A transportation company, owning duly enrolled and licensed steamers which ply between Pittsburgh and Cincinnati and touch at the intermediate points complained that the wharfage was extortionate, and was merely a pretext for levying a duty of tonnage. The company thereupon filed a bill in the circuit court, praying that the prosecution of a suit brought by the city in the state court to collect the wharfage be enjoined and that the ordinance be declared void and that other relief he granted. Held that the character of the charges must be determined by the ordinance itself, and as it on its face imposed them for the use of the wharf only, and not for entering the port or lying at anchor in the river, the court, though it might deem them unreasonable and exorbitant, will not entertain an averment that they were intended as a duty of tonnage, nor inquire into the secret purpose of the body imposing them.
2. Wharfage is the compensation which the owner of a wharf demands for the use thereof; a duty of tonnage is a charge for the privilege of entering, or loading at or lying in, a port or harbor, and can be laid only by the United States.
3. The question as to which of these classes, if either, a charge against a vessel or its owner belongs is one not of intent, but of fact and law -- of fact whether the charge is imposed for the use of a wharf or for the privilege of entering a port; of law whether, upon the facts which are shown to exist, it is wharfage or a duty of tonnage.

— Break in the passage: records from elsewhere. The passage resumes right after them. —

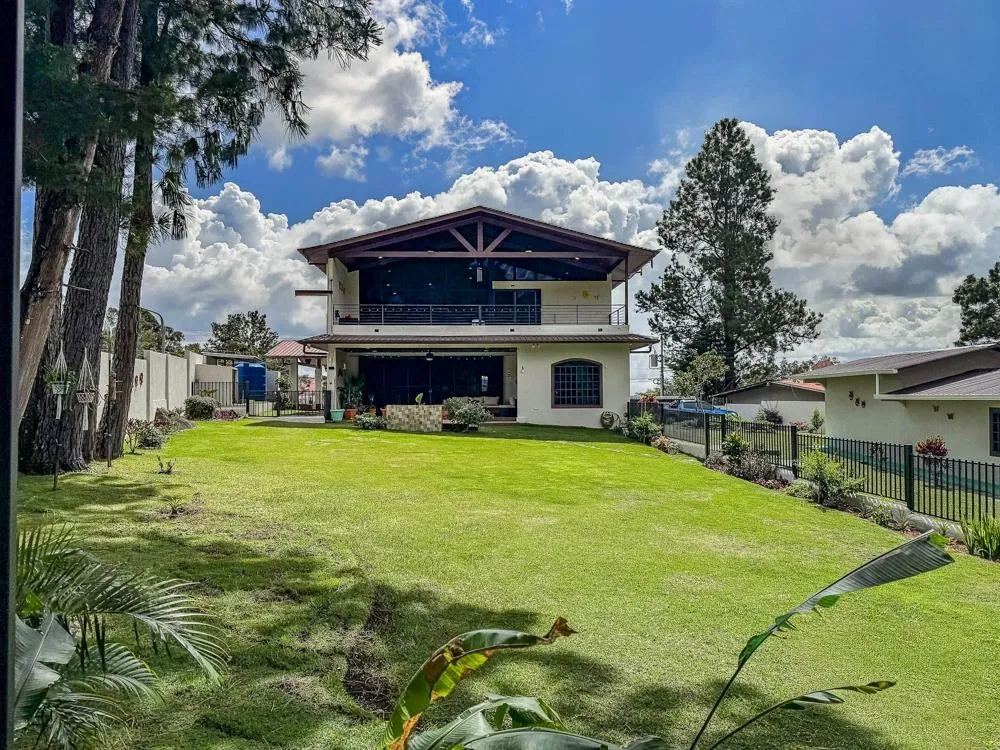 Casa de Lujo Amoblada en Santa Lucía, Boquete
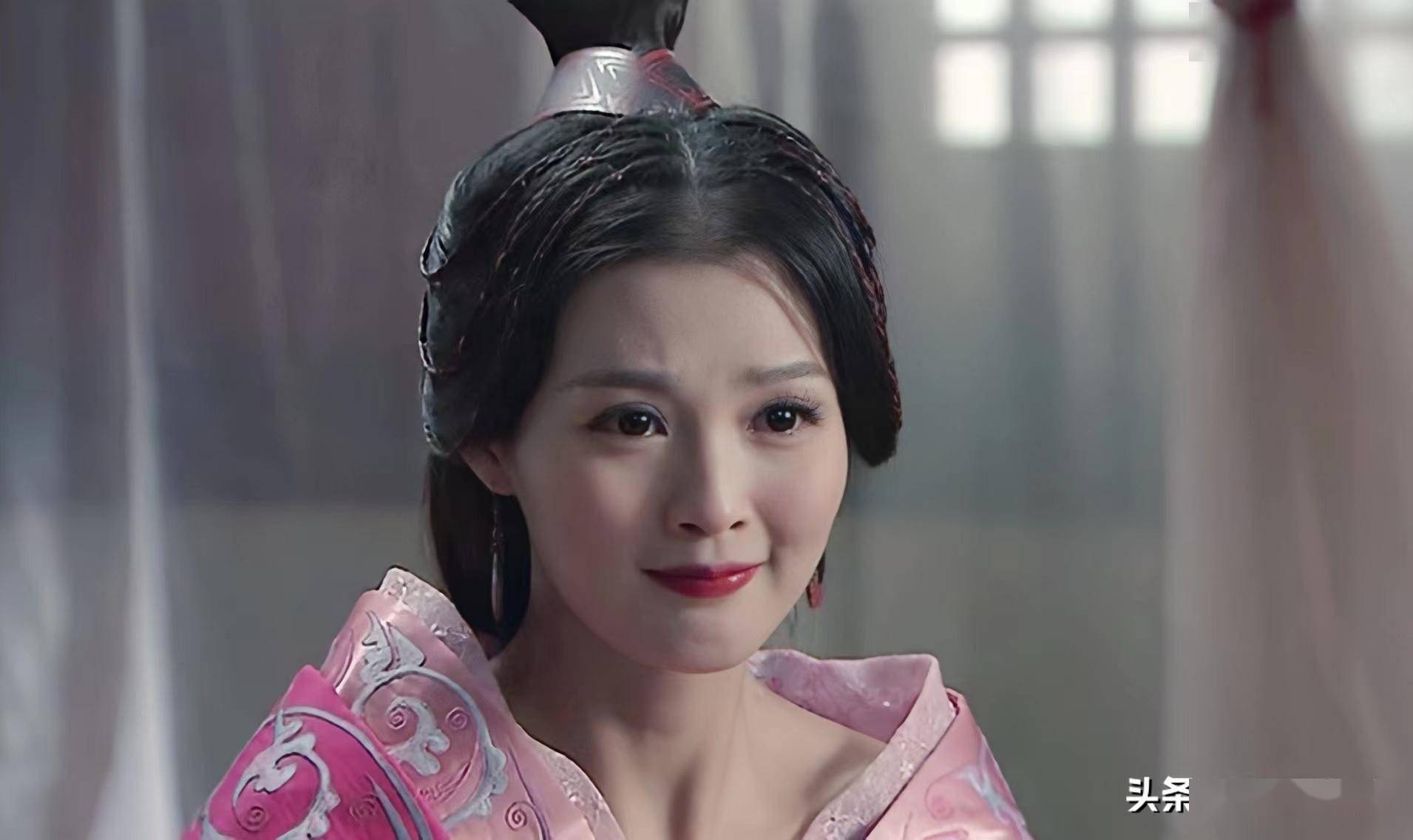 曾是"最美王昭君",演过小玉儿,37岁的她被称为岳丽娜的接班人_白庆琳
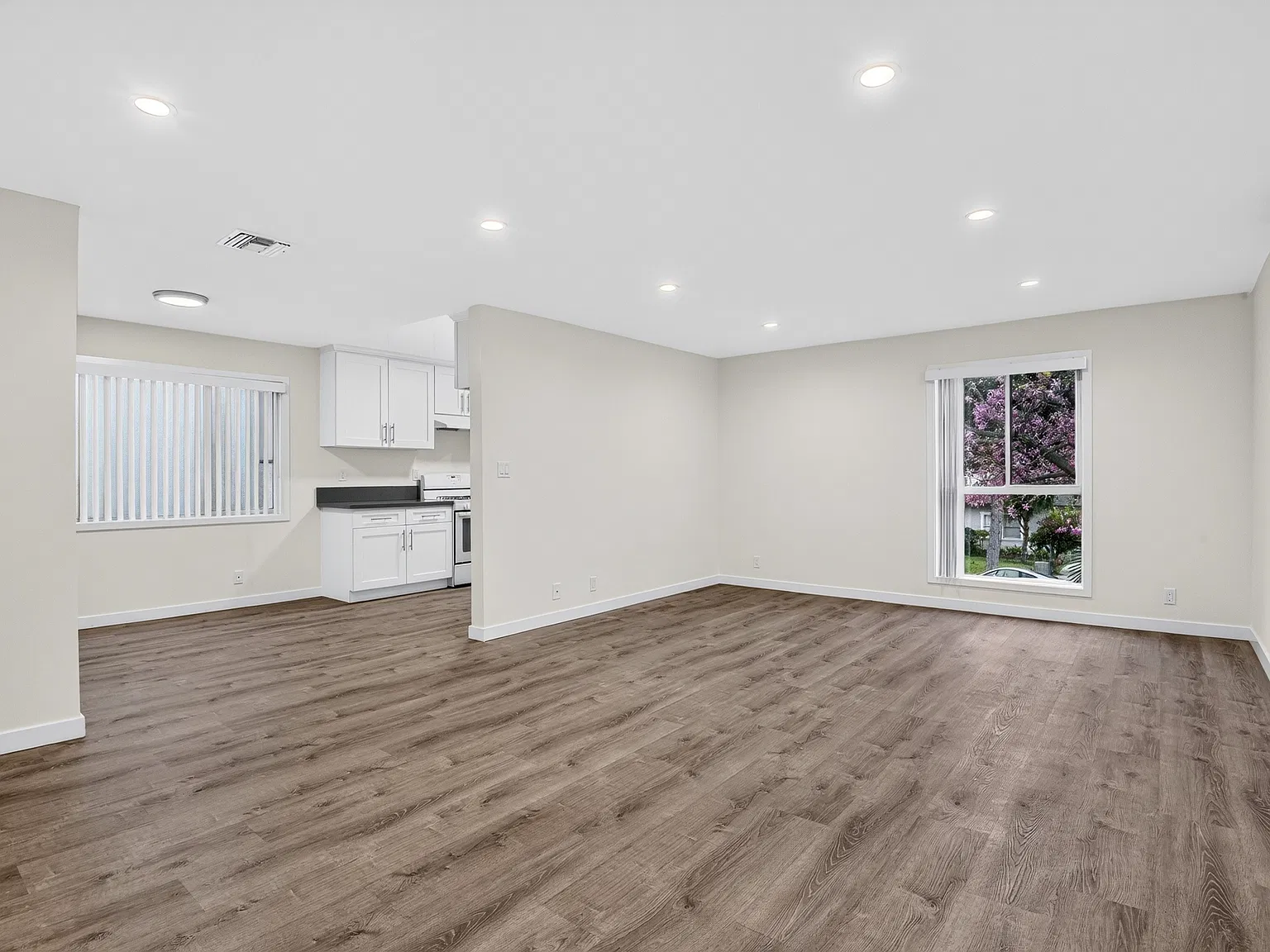 2 bed, 950 sqft, $2,950 — Photo 4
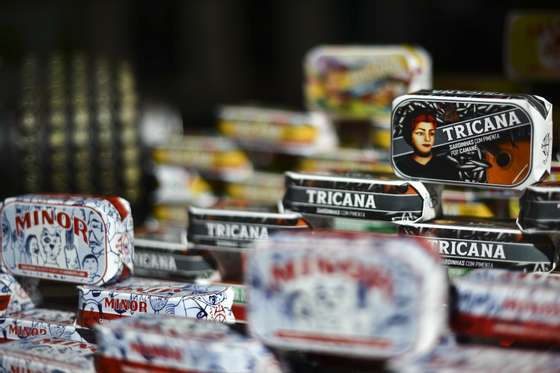 TO GO WITH AFP STORY BY CAROLE GUIRADO - MORE PICTURES IN IMAGES FORUM Several different kinds of canned are displayed at Conserveira de Lisboa on March 18, 2013. Conserveira de Lisboa is a store in Lisbon that exists since 1930 and sells different types of canned. AFP PHOTO/ PATRICIA DE MELO MOREIRA        (Photo credit should read PATRICIA DE MELO MOREIRA/AFP/Getty Images)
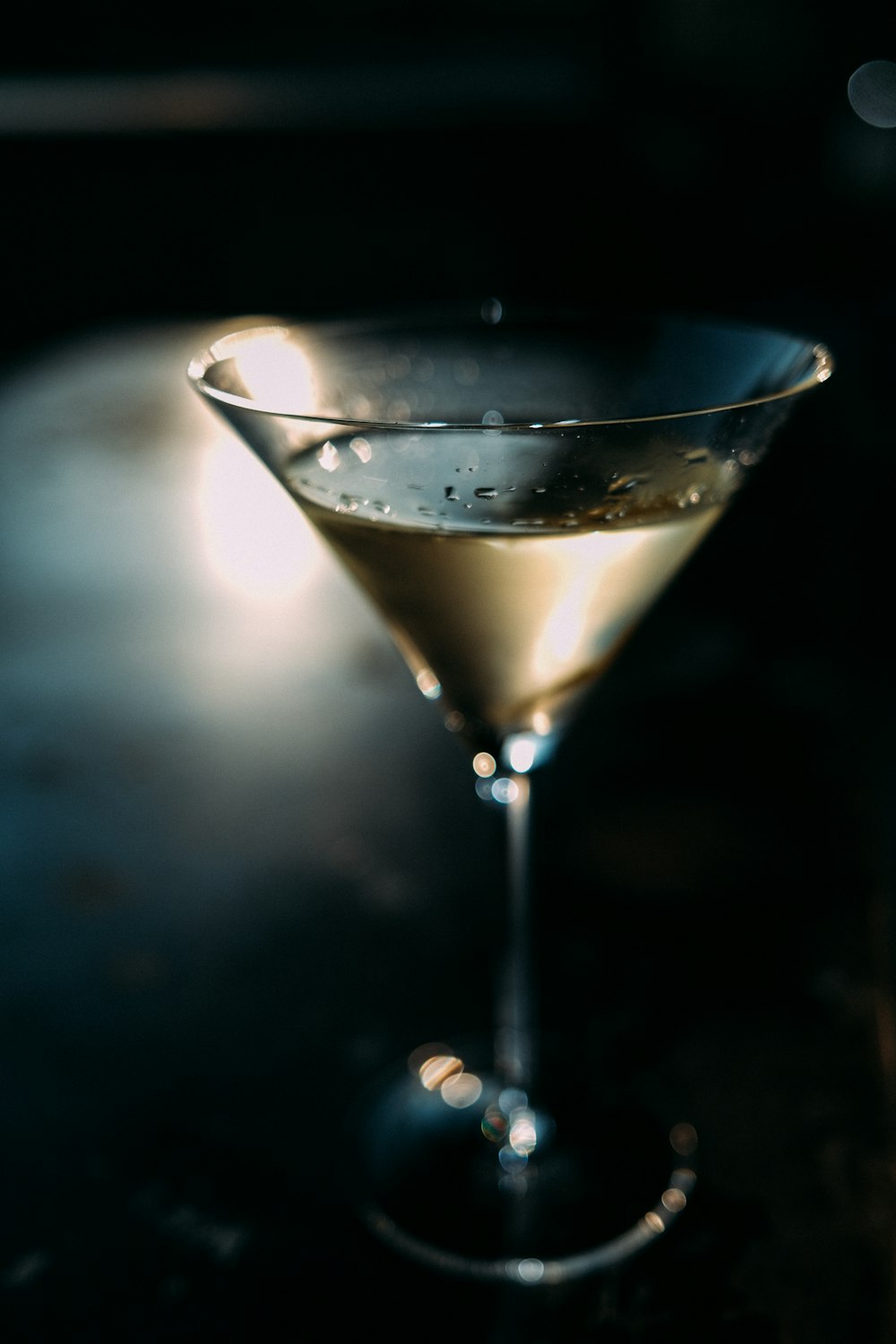 klares Martiniglas mit schwarzer Flüssigkeit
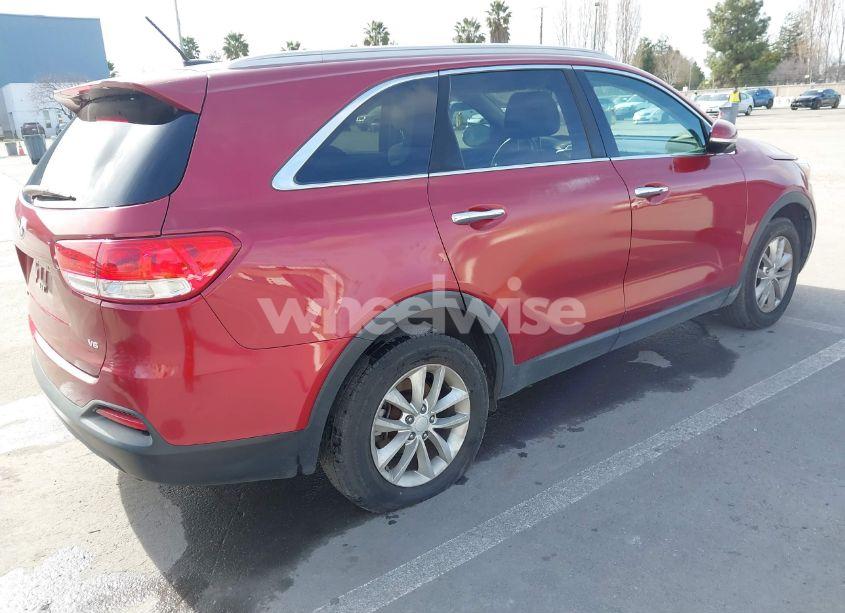 Photo 4 of 2017 Kia Sorento 3.3L LX (VIN 5XYPG4A5XHG196501)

4. Although wharves are related to commerce and navigation as aids and conveniences, yet being local in their nature, and requiring special regulations at particular places, the jurisdiction and control thereof, in the absence of congressional legislation on the subject, properly belong to the states in which they are situated.
5. A suit for relief against exorbitant wharfage cannot, as one arising under the Constitution or the laws of the United States, be maintained in the circuit court, even though it be alleged that the wharfage was intended as a duty of tonnage, the alleged intent not being traversable.
The case is stated in the opinion of the Court.